I bought Chris Cornell’s first solo album. Euphoria Mourning, indeed.


The weight of a death.

My father, spending too much money on folk albums, on books about Antarctic expeditions. We could talk him into a little something extra, for us.

The last email my dad ever sent me was about a site he’d discovered called squirrelmusic. We were to watch Monty Python’s Flying Circus soon. We used to rent the VHS movies and sketch compilations, and now we had the DVD set. Ordered from the internet.

Ah, the internet. Did we not yet know this was the end?

11 years between deaths, there are aftershocks. I walked through Hastings. Why am I crying?

Why am I crying?

Sometimes, death announces its schedule. Sometimes, it arrives on a cold evening, at midnight. Sometimes, it is a phone call and a wail, and sometimes it is a press release. This is it. We’re done.
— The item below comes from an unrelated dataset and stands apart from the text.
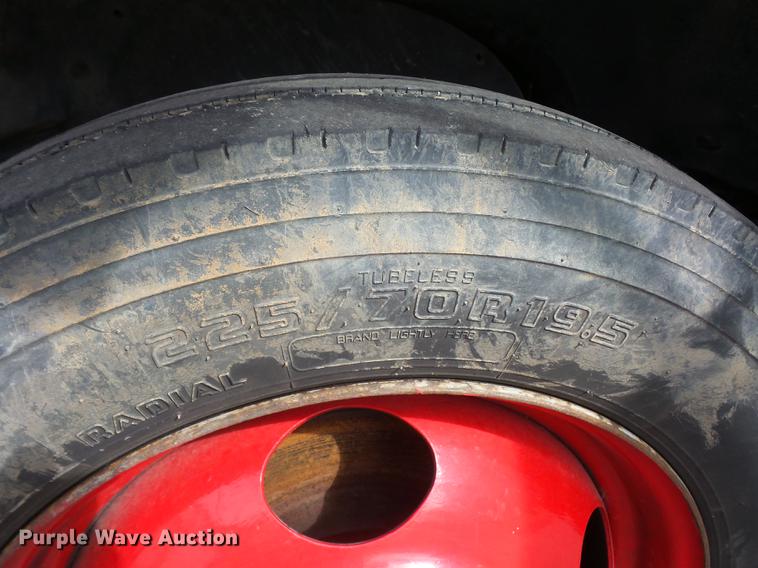 image for item DA6505 2002 Chevrolet 3500 flatbed pickup truck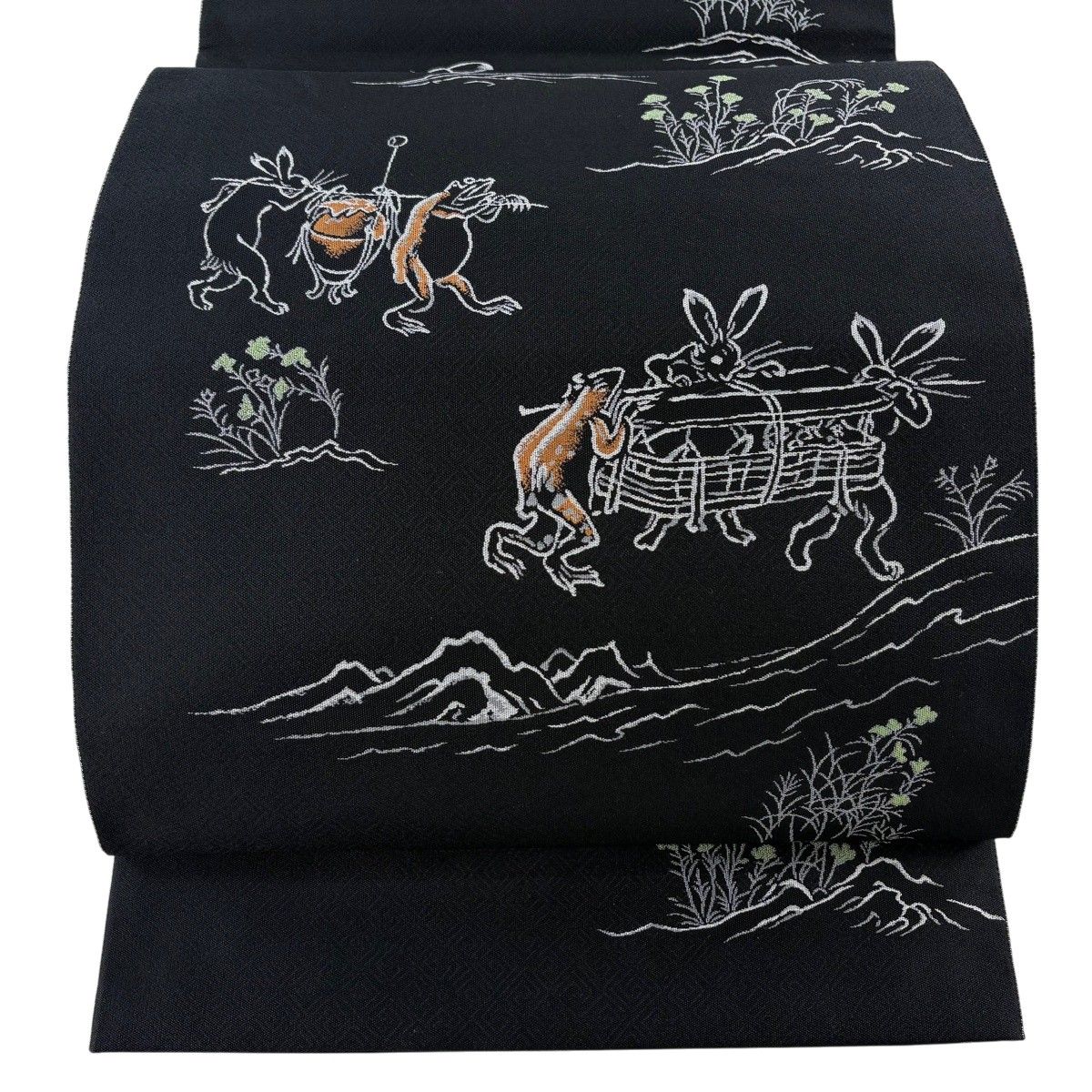【美品】 袋帯 逸品 落款 小森草木染工房 高山寺戯人絵巻 鳥獣戯画 黒 全通 正絹 【中古】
A heart doesn’t know its shape until it has a void to fill.

All these people with carts fill of discounted merchandise, picking over the detritus of another retail death knell, gleeful at 70% off and talking of Christmas and dissatisfaction when they thought there would be more of one item or another. Buzzards.

I circle around the store like a mother panther. Protective. Anxious. Snarling at the thought of one more fond memory snatched away. I have lost so much in eleven years. My father, my health, and now… I am exhausted and staring at empty shelves with price tags.

It’s not even the same building anymore. They moved locations, tried new things, added a café. The place we spent so many afternoons and evenings browsing is now a Dollar Tree. Sometimes, in the wrapping paper aisle, I remember there used to be magazines. The floor still creaks in the same way.

Move buildings, move houses, create a family, lose your family, try something new. Persist.

Sometimes it doesn’t work.

Hastings was a thread.

How does it feel to hoard art that makes your heart whole? Difficult.